Postby Coyotehunter » Mon Oct 06, 2008 11:25 am

huntinND wrote:In some cases If you get vocal response (barking) while using distress sounds it means they know something is up. How far are you walking into your calling stands? You may want to consider a different approach into areas where you have seen coyotes to avoid being spotted on the way in. It may help to do some locating at first light, then set up on them so you know the general area they are at. After locating you have to set up on them right away this time of year because they will most likely be on the move unless it is late morning.
The only times I have felt that I coyote didn't come in all the way due to territorial boundaries it seemed pretty obvious by watching their behavior.

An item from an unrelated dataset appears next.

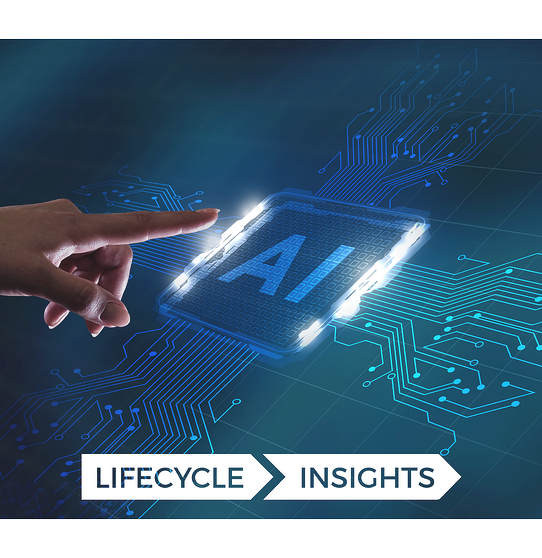 lifecycleinsights-2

They do A lot of scratching and urinating and aggressive postures. In these cases your best bet is to let them work there way off, sneak out and come back at a later date with a different setup. Mark these spots down and when the wind is right come in from the other side. I've called pairs in twice in the same day by switching things up, different sound and different setup. Sounds like you have plenty to work with so let us know when you connect.


this is great info guys!


don't forget, that even when you do everything right, coyotes will be coyotes and at times nothing you can do will change the outcome. You may just be on coyotes that have been all jacked up. No matter who you are, these can be tough to get. I have had some other posts about this and if time is an issue sometimes it is best to move on. If you have all day everyday to work it out that is one thing but if you just have a few days a week or a month.........well fur is fur. Move on to another area and find some coyotes that not everyone else has taken a shot at. everyone goes through tough times like this, one of these mornings the coyote gods will look down on you and smile. Everything will click and you will have one of those days were you will be beating them off with your gun.